地震から3か月、液状化による被害が大きかった富山県高岡市伏木地区では、地元を離れてる人たちが相次いでいます。地域のコミュニティは存続できるのか、住民たちは不安な日々を送っています。
元日の能登半島地震で液状化による被害が深刻だった高岡市伏木地区。地震から3か月が経ち被害を受けた住宅の修理や下水道の復旧工事が始まっていますが今も手つかずの場所が多くみられました。
住民「変わらんですよ全然。なおさらひどくなってる感じです」「電柱もこんな感じやし道路なんかも直してないという感じかね」
高岡市では4月4日から、被害の程度が「半壊」以上の建物を対象に自治体が所有者に代わって家屋などの解体、撤去を行う公費解体の申請受け付けがようやく始まりましたが…
記者「伏木地区では公費解体を待たず自費で住宅を解体する人たちが多く更地が目立ちます」
地区では自費での解体を決めた住民のほか、家が傾き住むことができなくなった住民が次々と地区外に転居しているのです。
住民「壊したはいいけども結局立て直すにしても難しい感じですからね。
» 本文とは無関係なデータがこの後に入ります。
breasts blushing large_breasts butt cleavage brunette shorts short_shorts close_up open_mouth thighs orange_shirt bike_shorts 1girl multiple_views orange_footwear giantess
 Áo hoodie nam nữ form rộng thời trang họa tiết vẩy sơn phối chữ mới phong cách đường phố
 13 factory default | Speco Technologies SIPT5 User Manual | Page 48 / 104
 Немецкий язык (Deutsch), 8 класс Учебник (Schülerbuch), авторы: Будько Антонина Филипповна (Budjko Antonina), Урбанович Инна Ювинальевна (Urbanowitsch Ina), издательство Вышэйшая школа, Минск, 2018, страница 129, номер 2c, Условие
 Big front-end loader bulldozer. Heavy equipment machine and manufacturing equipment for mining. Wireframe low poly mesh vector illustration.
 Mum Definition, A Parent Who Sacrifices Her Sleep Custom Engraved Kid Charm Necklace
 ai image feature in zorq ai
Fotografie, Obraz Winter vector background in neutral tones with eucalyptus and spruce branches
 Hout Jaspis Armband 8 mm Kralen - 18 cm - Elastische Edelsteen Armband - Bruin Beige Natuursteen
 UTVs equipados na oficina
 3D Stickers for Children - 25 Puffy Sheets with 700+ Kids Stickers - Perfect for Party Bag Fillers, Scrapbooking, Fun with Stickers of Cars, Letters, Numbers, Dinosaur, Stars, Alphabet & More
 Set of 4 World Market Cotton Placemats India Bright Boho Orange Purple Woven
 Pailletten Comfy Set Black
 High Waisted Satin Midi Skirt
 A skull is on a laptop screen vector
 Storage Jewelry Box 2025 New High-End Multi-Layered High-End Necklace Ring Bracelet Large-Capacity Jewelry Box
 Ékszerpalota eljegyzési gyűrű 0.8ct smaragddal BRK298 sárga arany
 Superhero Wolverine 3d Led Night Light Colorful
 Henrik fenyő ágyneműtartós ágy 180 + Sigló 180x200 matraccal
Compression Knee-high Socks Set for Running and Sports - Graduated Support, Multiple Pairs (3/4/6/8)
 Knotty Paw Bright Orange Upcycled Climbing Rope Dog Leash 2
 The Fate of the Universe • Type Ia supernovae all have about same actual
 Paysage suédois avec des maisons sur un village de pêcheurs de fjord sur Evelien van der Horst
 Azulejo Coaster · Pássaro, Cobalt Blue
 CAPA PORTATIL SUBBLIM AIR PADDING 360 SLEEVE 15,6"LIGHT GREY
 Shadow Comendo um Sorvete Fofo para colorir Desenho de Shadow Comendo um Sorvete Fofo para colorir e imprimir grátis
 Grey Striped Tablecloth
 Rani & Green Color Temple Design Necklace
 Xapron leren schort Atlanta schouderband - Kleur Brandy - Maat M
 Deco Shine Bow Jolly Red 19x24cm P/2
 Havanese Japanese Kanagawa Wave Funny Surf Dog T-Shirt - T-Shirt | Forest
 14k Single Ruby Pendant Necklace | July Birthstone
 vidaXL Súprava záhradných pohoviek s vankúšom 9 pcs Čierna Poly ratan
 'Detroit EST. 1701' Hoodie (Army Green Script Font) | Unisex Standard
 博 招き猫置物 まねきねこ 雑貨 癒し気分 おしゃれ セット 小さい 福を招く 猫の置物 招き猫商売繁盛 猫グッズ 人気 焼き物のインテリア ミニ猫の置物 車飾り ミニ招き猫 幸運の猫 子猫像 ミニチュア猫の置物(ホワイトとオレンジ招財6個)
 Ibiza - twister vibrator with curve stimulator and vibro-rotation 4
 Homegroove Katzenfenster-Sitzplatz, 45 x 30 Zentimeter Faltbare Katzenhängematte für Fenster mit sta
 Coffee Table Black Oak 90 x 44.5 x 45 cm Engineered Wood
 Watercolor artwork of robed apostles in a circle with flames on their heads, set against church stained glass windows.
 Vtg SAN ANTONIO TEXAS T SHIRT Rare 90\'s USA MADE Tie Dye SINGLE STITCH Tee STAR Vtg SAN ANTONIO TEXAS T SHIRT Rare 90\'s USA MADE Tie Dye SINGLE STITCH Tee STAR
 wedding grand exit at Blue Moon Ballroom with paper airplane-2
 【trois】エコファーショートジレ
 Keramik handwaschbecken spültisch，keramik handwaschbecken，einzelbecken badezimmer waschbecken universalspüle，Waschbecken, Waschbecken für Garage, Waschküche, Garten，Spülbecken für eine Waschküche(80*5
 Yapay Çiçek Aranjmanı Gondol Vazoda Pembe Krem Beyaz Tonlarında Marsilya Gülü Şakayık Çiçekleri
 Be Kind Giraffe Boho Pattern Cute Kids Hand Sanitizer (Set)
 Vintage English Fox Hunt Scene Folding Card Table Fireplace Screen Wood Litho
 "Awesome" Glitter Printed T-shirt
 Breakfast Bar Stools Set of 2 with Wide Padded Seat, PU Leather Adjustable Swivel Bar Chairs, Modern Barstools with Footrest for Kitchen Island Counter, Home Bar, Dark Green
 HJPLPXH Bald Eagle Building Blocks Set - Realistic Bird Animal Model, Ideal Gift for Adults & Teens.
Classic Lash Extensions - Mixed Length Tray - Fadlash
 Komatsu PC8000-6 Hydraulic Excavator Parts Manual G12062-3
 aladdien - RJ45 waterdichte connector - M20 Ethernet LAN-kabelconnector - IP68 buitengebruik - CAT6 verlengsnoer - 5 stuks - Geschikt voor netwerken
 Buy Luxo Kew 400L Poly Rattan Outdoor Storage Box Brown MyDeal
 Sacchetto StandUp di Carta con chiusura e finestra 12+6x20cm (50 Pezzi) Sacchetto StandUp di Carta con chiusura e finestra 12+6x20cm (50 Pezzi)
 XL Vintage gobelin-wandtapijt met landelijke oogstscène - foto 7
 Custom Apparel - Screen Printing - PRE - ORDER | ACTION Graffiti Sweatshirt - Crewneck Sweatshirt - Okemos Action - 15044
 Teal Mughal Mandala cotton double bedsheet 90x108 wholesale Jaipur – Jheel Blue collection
もしかしたら年配の方は出てかれたらこっちには返ってこないんじゃないんかな」
住民「1軒、2軒、3軒(なくなった)」家は古いがですけどもどうにか残っているから。さびしいです」
住民の姿も少なくなり、先行き見えにくい…
高岡市伏木地区にある老舗和菓子店・こし村百味堂。液状化により営業が困難となりましたが、96年守り継がれた味を絶やさないようにと、地震の4日後から店の向かい側にある建物で営業を続けています。
3か月が経ったこの日も、多くの客が訪れていました。
客「これ3個とこれ3個で」
店主「3つずつで。ありがとうございます。ご用意します。またいろんな種類作れるようにがんばりますので」
Qこのお菓子の味はいかがですか?
客「文句なしですよ。昔からの老舗で独特の味が出てるんで。私からしたら本当にありがたいです。本当にありがたいです」
地震直後は、断水の影響で作れる商品はわずかでしたが設備の復旧が進み今では季節のお菓子など7割の商品を提供できるようになりました。
一方で、店の前の道路は当時のまま。常連だった地元住民の姿も日に日に少なくなり、今後の営業についても先が見えない状況が続いています。
三代目・越村淳平さん「伏木に住まれているお客さんがちょっとずつこう少なくなってきてるのかなという心配もございます」「伏木ではとは考えているんですけどももとの場所で出来るかっていうのはまだ見通しが立っていない状況ですね」
伏木地区に限らず地震によって地元を離れる住民が増える中、地域の存続を後押しする行政の対策が早急に求められています。